Senior Senator from Iowa
Republican
Serving Jan 5, 1981 – Jan 3, 2029


These statistics cover Grassley’s record during the 116th Congress (Jan 3, 2019-Jan 3, 2021) and compare him to other senators also serving at the end of the session. Last updated on Jan 30, 2021.

A higher or lower number below doesn’t necessarily make this legislator any better or worse, or more or less effective, than other Members of Congress. We present these statistics for you to understand the quantitative aspects of Grassley’s legislative career and make your own judgements based on what activities you think are important.

Keep in mind that there are many important aspects of being a legislator besides what can be measured, such as constituent services and performing oversight of the executive branch, which aren’t reflected here.

 

Joined bipartisan bills the most often compared to Senate Party Leaders

In this era of partisanship, it is encouraging to see Members of Congress working across the aisle. Of the 222 bills that Grassley cosponsored, 36% were introduced by a legislator who was not a Republican. View Cosponsored Bills »

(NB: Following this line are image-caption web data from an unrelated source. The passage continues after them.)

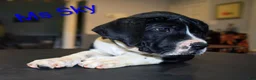 Presa Canario dogs for sale: Ms Sky - Ad 8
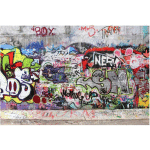 PAPIER PEINT INTISSÉ GRAFFITI - PEINTURE MURALE GRAND - DIMENSION HXL: 255CM X 384CM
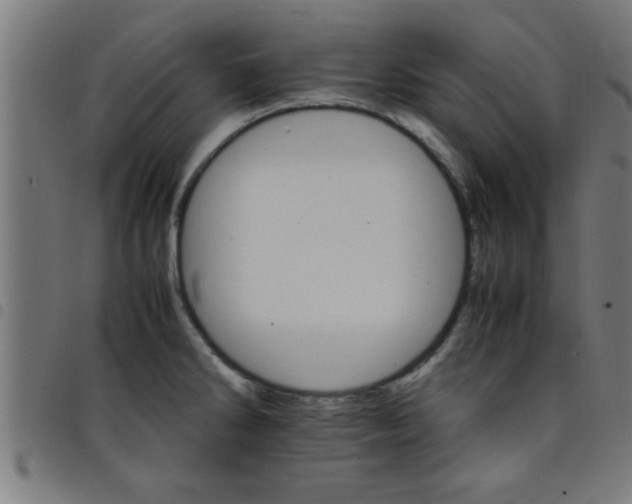 X0000098041286200804251030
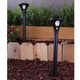 Solar Path Light with Motion Detector, Cool White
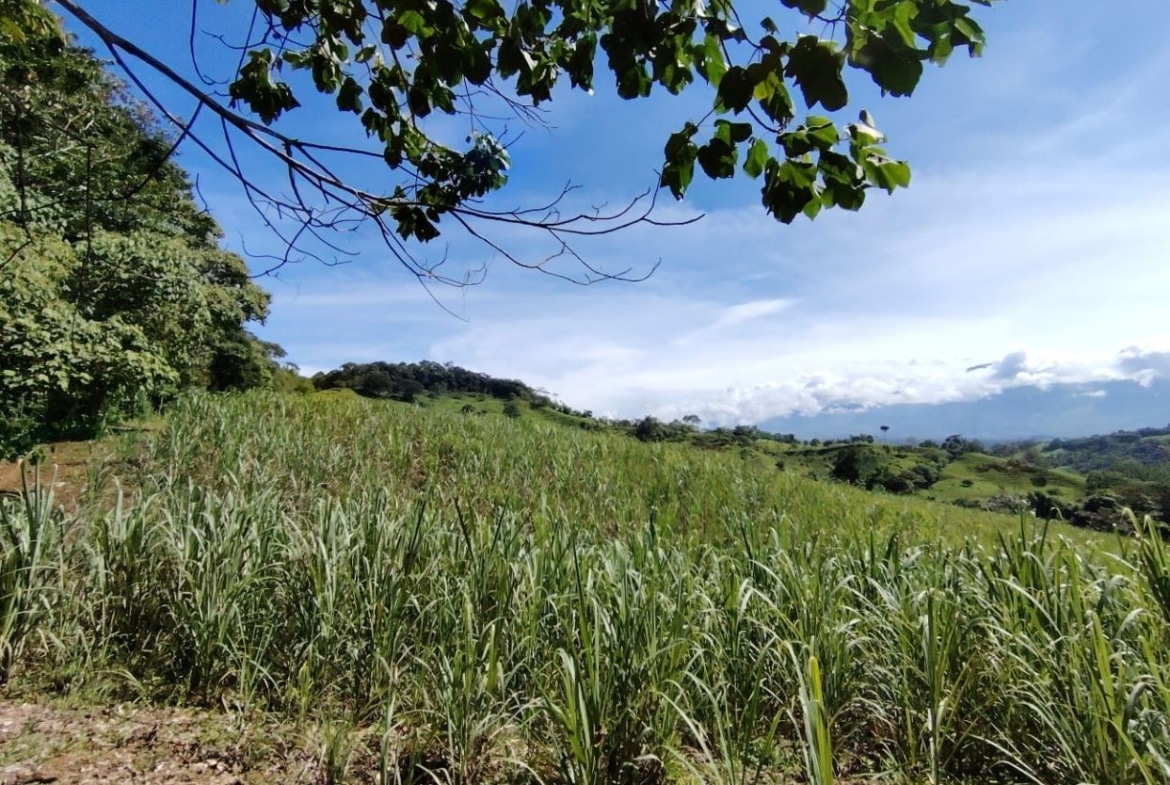 Open hillside field with tall grasses under a bright blue sky, framed by tree branches overhead on the left.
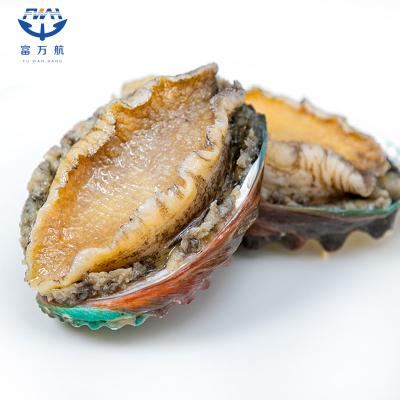 Frozen Seafood Abalone In Shell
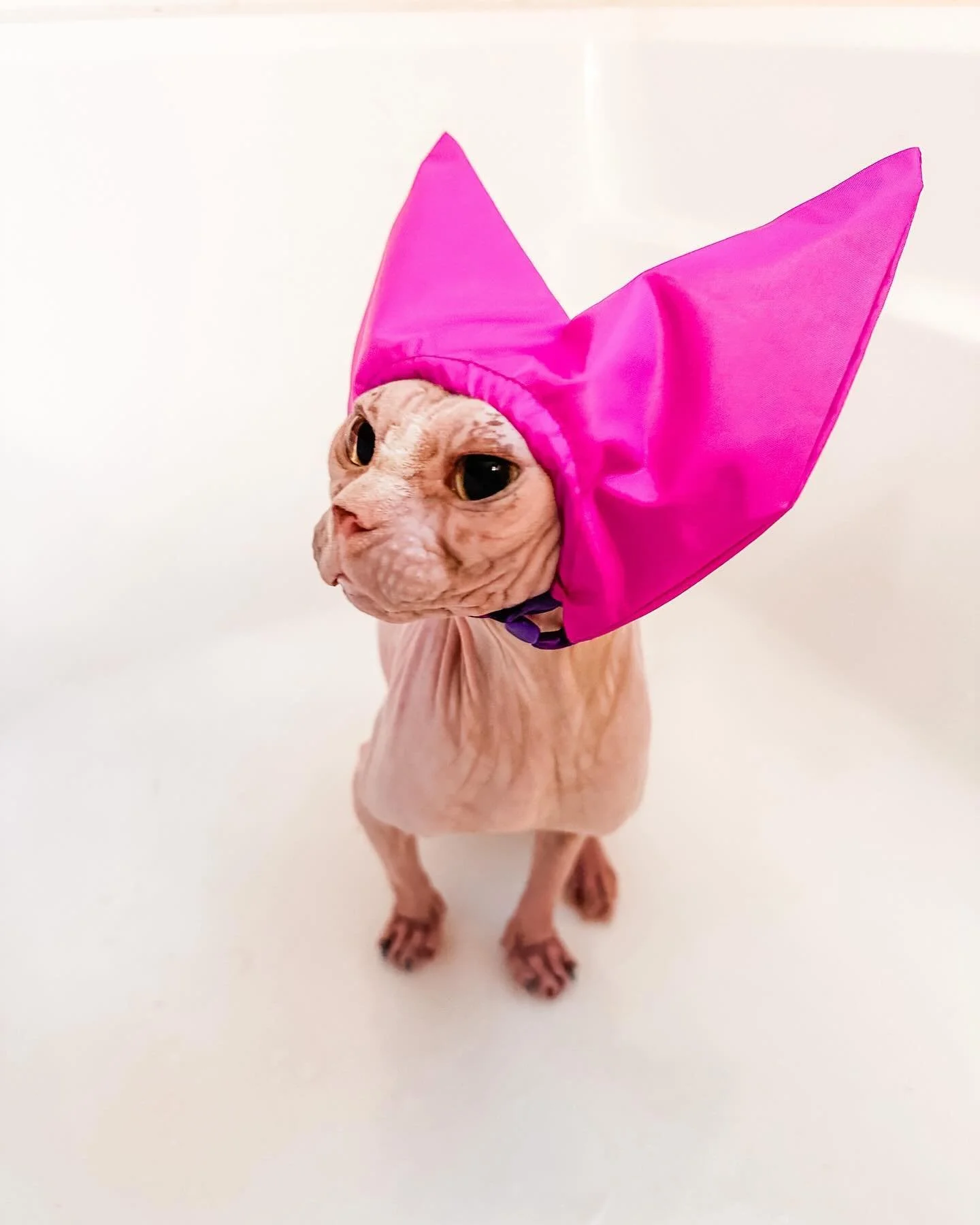 Bath time. 🛁🫧🧼🧽😻😹

#sphynx #sphynxcat #catsofinstagram #sphynxofinstagram #wetcat #catinthehat #catbathingcap #petbathingcap #petbath #meow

Compare to all Senate Party Leaders (93rd percentile); Senate Republicans (75th percentile); Serving 10+ Years (81st percentile); All Senators (80th percentile).

Only Democratic and Republican Members of Congress who cosponsored more than 10 bills and resolutions are included in this statistic.


 

Got influential cosponsors the 2nd most often compared to Senate Republicans

17 of Grassley’s bills and resolutions in the 116th Congress had a cosponsor who was a chair or ranking member of a committee that the bill was referred to. Getting support from committee leaders on relevant committees is a crucial step in moving legislation forward.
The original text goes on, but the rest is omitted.